The Victim Information and Advice service (VIA) within COPFS supports vulnerable people who, through no fault of their own, find themselves in the criminal justice process. It also provides information and advice to next of kin in sudden or unexplained deaths.
Dedicated VIA officers become the point of contact for these individuals, offering guidance and advice as they go through a system that may seem confusing and unfamiliar.
These are victims, witnesses or next of kin who may be bereaved, fearful, anxious or traumatised. They may be victims of stalking or domestic abuse; of sexual offences or hate crime. They could be older (aged 60 or over), they may be a vulnerable witness.
Since its official launch in 2002, VIA has expanded and evolved significantly, as part of a prosecution service ever-striving to recognise the needs and fears of victims and how we can help.

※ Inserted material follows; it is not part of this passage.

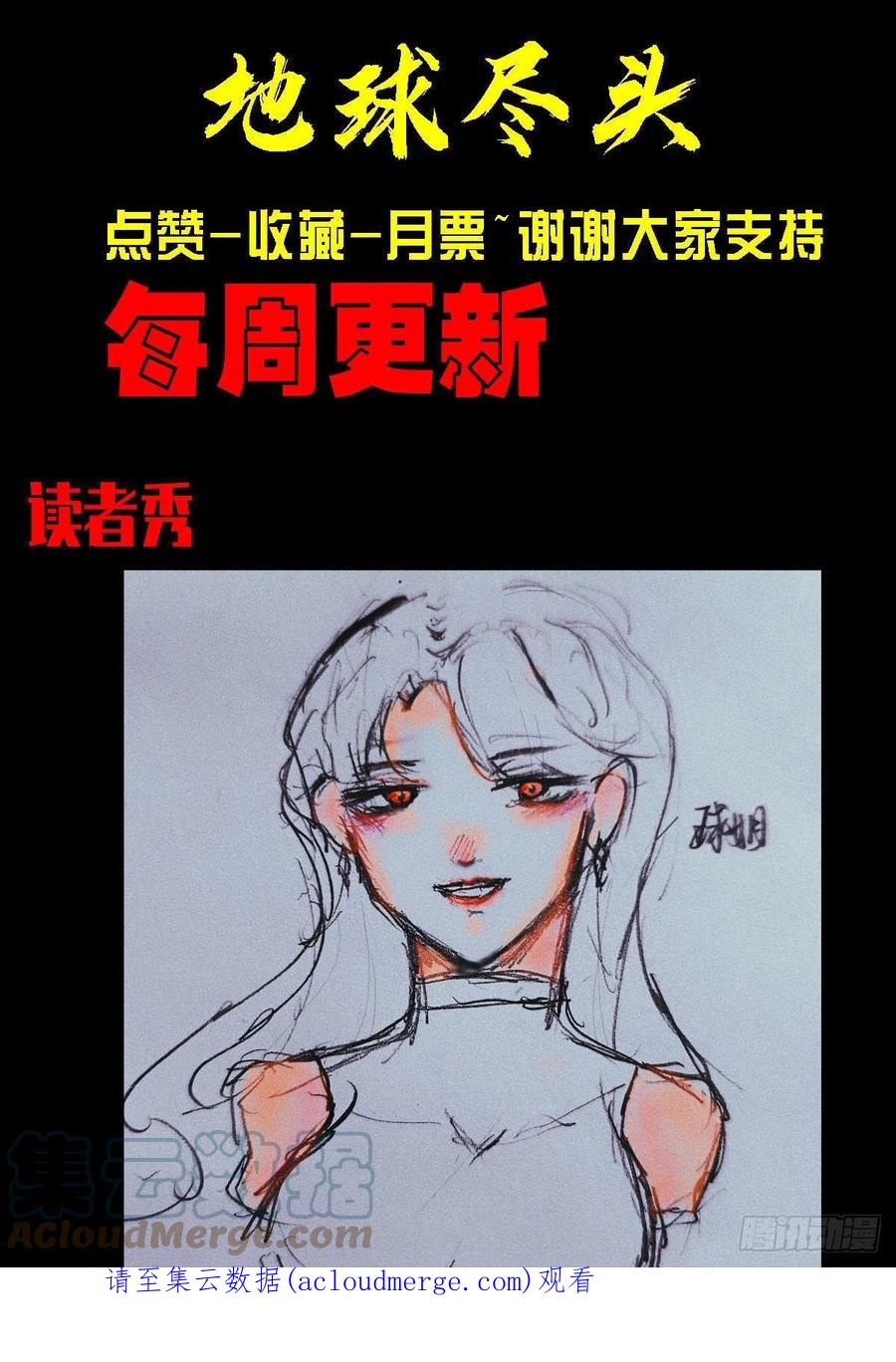 《地球尽头》第162集 第15页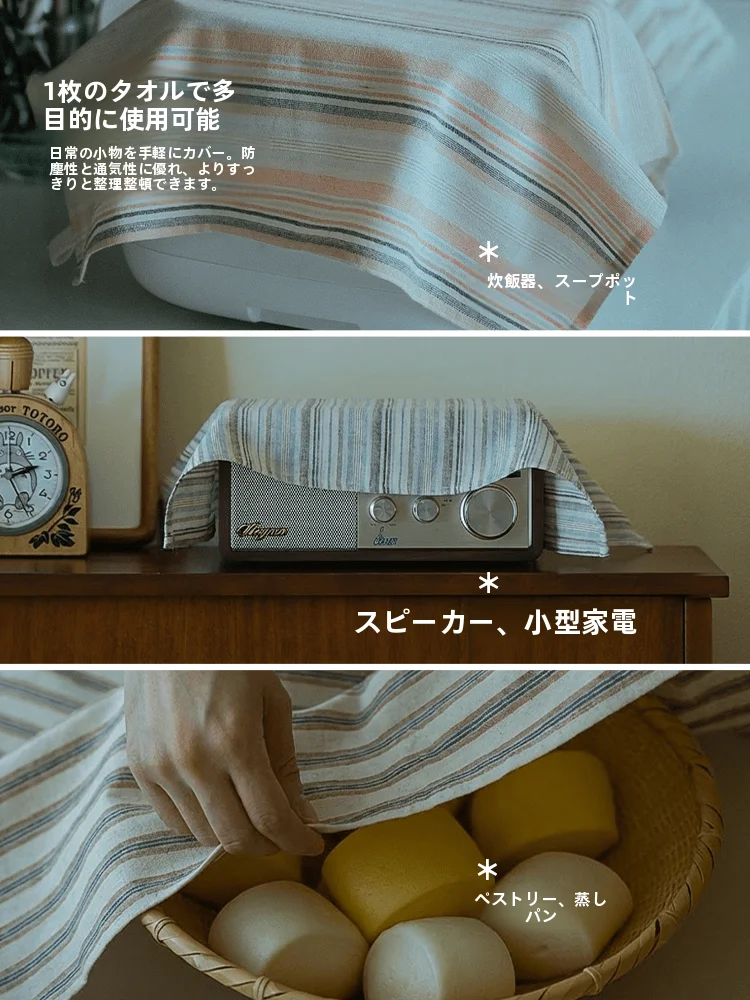 23.8インチ モニターに合う防塵カバーはどれがおすすめ？フランス風ストライプが夏のデスクを彩る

For National Stalking Awareness Week (25-29 April) we speak to ‘Margaret’, an experienced VIA officer, about the role she has performed for more than 10 years. Her name has been changed to respect the people she supports.
“I think of my role by imagining what it must be like to be the person on the other end of my phone call: the victim. What kind of support would I be looking for, what kind of information would I need? I try my best to give them the service that I would hope to find if something happened to me.
“Every victim or witness deserves my empathy and respect. I’m always aware that I’m speaking to someone who’s going through one of the most difficult periods they will ever experience. So I spend a lot of time listening, trying to understand. I can be the person they direct their queries to and I’ll explain the processes they’ll encounter. They are never just ‘another case’. They’re a real person, like me.
“If they are a victim, they have had the courage to report the crime. There may have been no witnesses so they’ve had to take it forward by themselves. None of that is easy. I’m there to support where I can and guide them to other services when I’m not able to help personally.
“Victims come from all walks of life. They could be experiencing difficult circumstances outwith the crime they have suffered or witnessed and these can impact on their interaction with the justice system.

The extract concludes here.